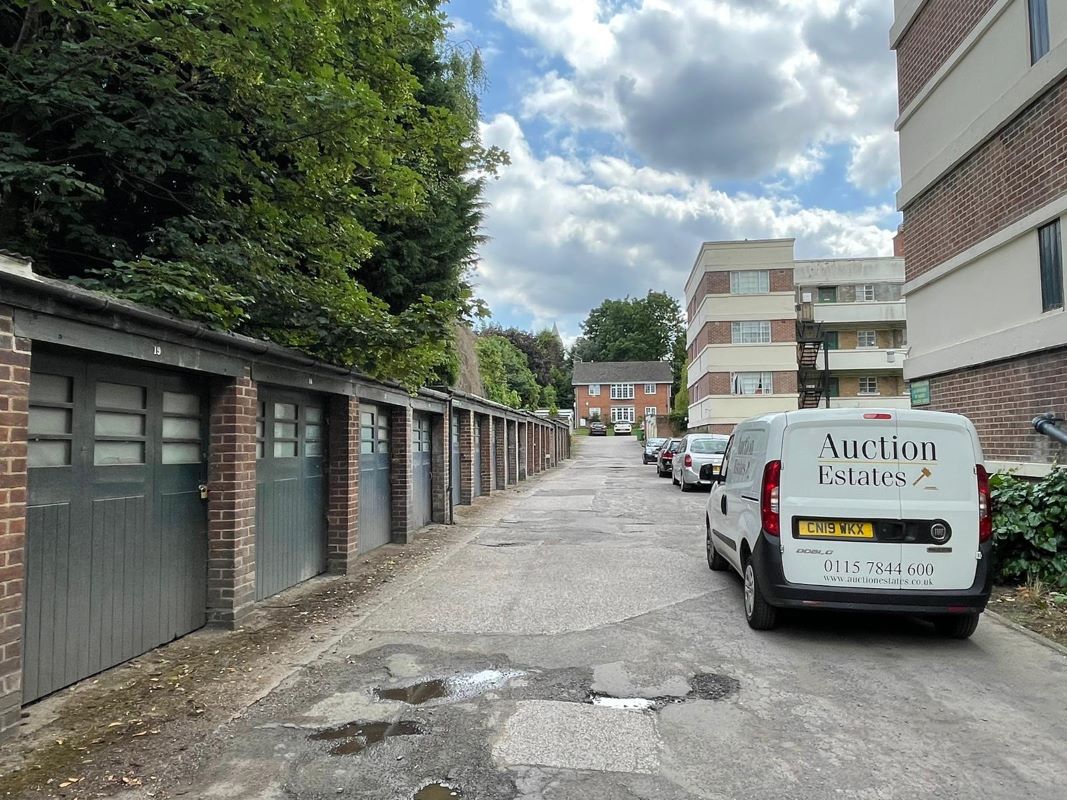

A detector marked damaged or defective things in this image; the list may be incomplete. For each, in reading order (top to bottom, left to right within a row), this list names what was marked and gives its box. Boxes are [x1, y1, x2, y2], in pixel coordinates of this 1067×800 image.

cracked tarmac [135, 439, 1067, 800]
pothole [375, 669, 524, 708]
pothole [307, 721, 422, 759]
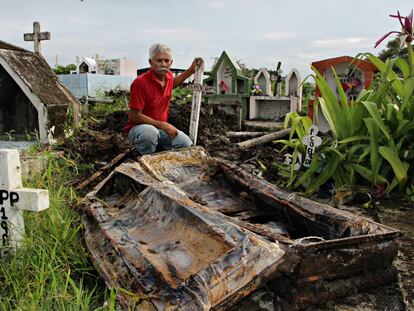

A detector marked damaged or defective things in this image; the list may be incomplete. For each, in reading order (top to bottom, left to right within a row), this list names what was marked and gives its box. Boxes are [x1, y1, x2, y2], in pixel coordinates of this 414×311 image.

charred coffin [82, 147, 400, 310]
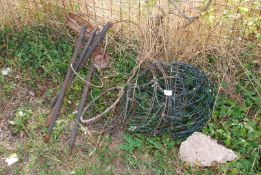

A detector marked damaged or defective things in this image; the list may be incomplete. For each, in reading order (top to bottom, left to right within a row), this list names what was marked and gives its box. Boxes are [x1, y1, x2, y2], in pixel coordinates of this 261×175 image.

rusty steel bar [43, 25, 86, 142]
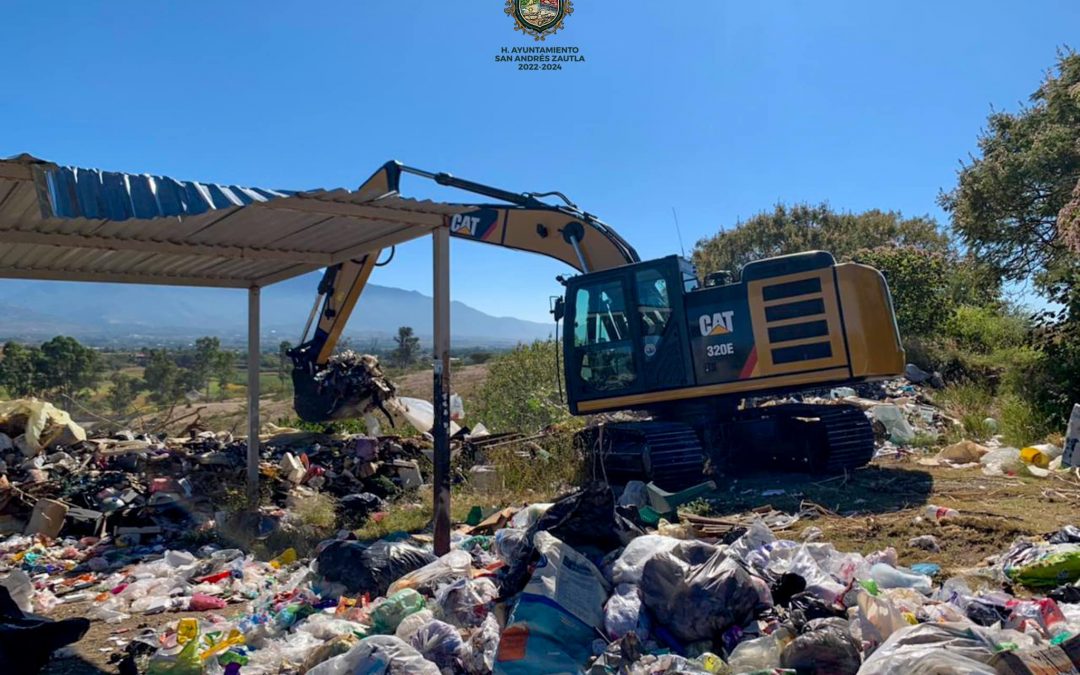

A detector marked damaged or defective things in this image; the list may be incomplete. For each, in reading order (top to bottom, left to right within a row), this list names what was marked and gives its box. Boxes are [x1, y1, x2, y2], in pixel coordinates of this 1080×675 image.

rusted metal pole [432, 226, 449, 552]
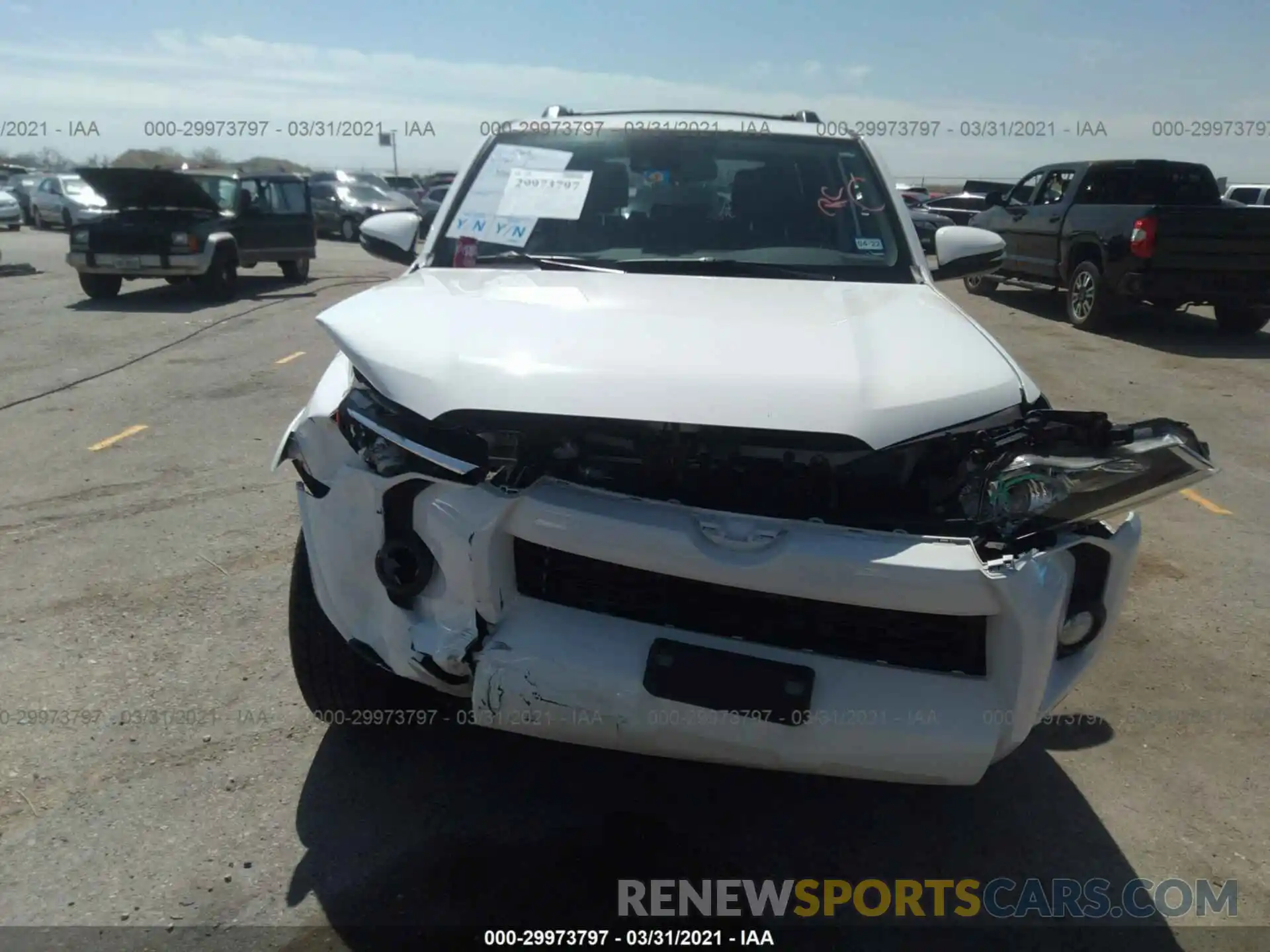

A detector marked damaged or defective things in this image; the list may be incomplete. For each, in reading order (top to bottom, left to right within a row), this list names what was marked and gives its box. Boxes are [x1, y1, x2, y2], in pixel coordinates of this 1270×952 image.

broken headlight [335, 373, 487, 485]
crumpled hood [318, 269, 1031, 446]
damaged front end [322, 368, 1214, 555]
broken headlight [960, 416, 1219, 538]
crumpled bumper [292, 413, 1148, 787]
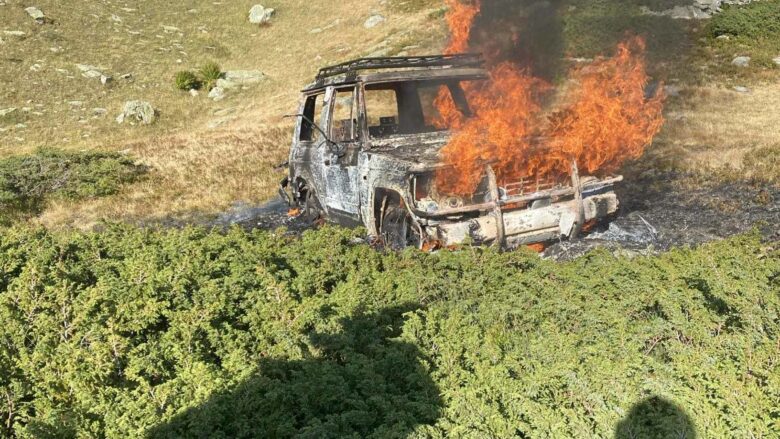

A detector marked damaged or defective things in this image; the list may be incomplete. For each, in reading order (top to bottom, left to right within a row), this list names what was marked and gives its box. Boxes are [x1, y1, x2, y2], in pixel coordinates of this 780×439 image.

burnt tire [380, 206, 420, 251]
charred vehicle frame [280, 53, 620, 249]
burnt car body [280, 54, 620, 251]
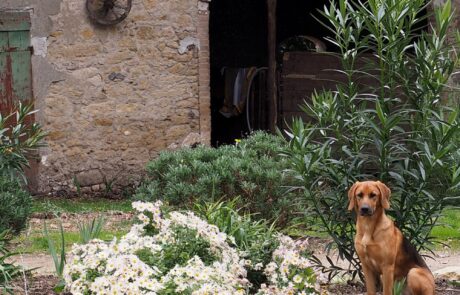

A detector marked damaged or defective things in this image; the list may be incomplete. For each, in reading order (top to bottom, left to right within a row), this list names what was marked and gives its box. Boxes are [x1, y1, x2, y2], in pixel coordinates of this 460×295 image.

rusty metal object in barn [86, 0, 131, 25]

※

** Exercise aim **
Lines from the one containing "this 1270×952 image." through the end of the material above must be reproduced exactly; pictures must not be.

** Output **
A detector marked damaged or defective things in this image; the list may be incomplete. For each, in reading order (top to bottom, left to right within a row), this list names what was marked and gives its box. Boxes are [x1, y1, x2, y2], in pixel coordinates of this 1270×952 image.

broken headlight [335, 373, 487, 485]
crumpled hood [318, 269, 1031, 446]
damaged front end [322, 368, 1214, 555]
broken headlight [960, 416, 1219, 538]
crumpled bumper [292, 413, 1148, 787]

A detector marked damaged or defective things in this image; the list may be incomplete. For each, in reading order (top to bottom, left to right within a row), this list names what was marked and gives its box. Boxes are [x1, y1, x2, y2], in pixel coordinates of this 780×439 image.

burnt tire [380, 206, 420, 251]
charred vehicle frame [280, 53, 620, 249]
burnt car body [280, 54, 620, 251]

A detector marked damaged or defective things in this image; the list may be incomplete. For each, in reading order (top to bottom, left to right within a row), this list names what was marked and gives its box. Boxes are [x1, y1, x2, y2], in pixel coordinates of this 460×295 image.

rusty metal object in barn [86, 0, 131, 25]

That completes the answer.